Intellectual responsibility, however, requires a still more critical sense of the actuality. There has been terror of course, and nearly every struggling modern movement at some stage has relied on terror. This was as true of Mandela's ANC as it was of all the others, Zionism included. And yet bombing defenceless civilians with F-16s and helicopter gunships has the same structure and effect as more conventional nationalist terror.
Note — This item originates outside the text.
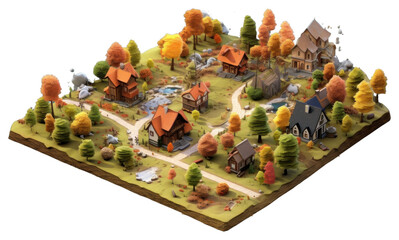 Sticker - PNG  Village in autumn outdoors land representation.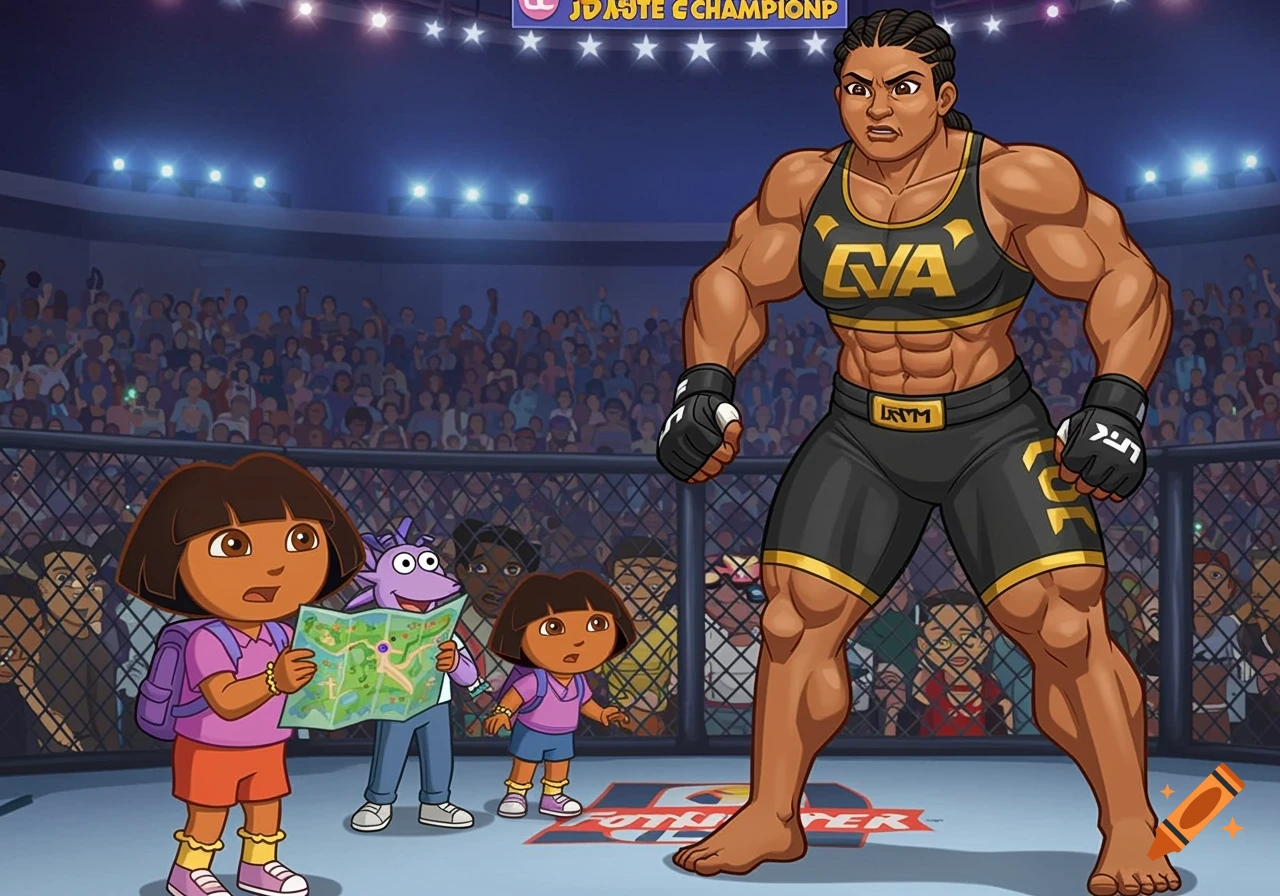 Cartoon of Dora and friends looking surprised at a muscular female MMA fighter in a ring.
What is bad about all terror is when it is attached to religious and political abstractions and reductive myths that keep veering away from history and sense. This is where the secular consciousness has to try to make itself felt, whether in the US or in the Middle East. No cause, no God, no abstract idea can justify the mass slaughter of innocents, most particularly when only a small group of people are in charge of such actions and feel themselves to represent the cause without having a real mandate to do so.
Besides, much as it has been quarrelled over by Muslims, there isn't a single Islam: there are Islams, just as there are Americas. This diversity is true of all traditions, religions or nations even though some of their adherents have futiley tried to draw boundaries around themselves and pin their creeds down neatly. Yet history is far more complex and contradictory than to be represented by demagogues who are much less representative than either their followers or opponents claim. The trouble with religious or moral fundamentalists is that today their primitive ideas of revolution and resistance, including a willingness to kill and be killed, seem all too easily attached to technological sophistication and what appear to be gratifying acts of horrifying retaliation. The New York and Washington suicide bombers seem to have been middle-class, educated men, not poor refugees. Instead of getting a wise leadership that stresses education, mass mobilisation and patient organisation in the service of a cause, the poor and the desperate are often conned into the magical thinking and quick bloody solutions that such appalling models pro vide, wrapped in lying religious claptrap.
On the other hand, immense military and economic power are no guarantee of wisdom or moral vision. Sceptical and humane voices have been largely unheard in the present crisis, as 'America' girds itself for a long war to be fought somewhere out there, along with allies who have been pressed into service on very uncertain grounds and for imprecise ends. We need to step back from the imaginary thresholds that separate people from each other and re-examine the labels, reconsider the limited resources available, decide to share our fates with each other as cultures mostly have done, despite the bellicose cries and creeds.
'Islam' and 'the West' are simply inadequate as banners to follow blindly. Some will run behind them, but for future generations to condemn
themselves to prolonged war and suffering without so much as a critical pause, without looking at interdependent histories of injustice and oppression, without trying for common emancipation and mutual enlightenment seems far more wilful than necessary. Demonisation of the Other is not a sufficient basis for any kind of decent politics, certainly not now when the roots of terror in injustice can be addressed, and the terrorists isolated, deterred or put out of business. It takes patience and education, but is more worth the investment than still greater levels of large-scale violence and suffering.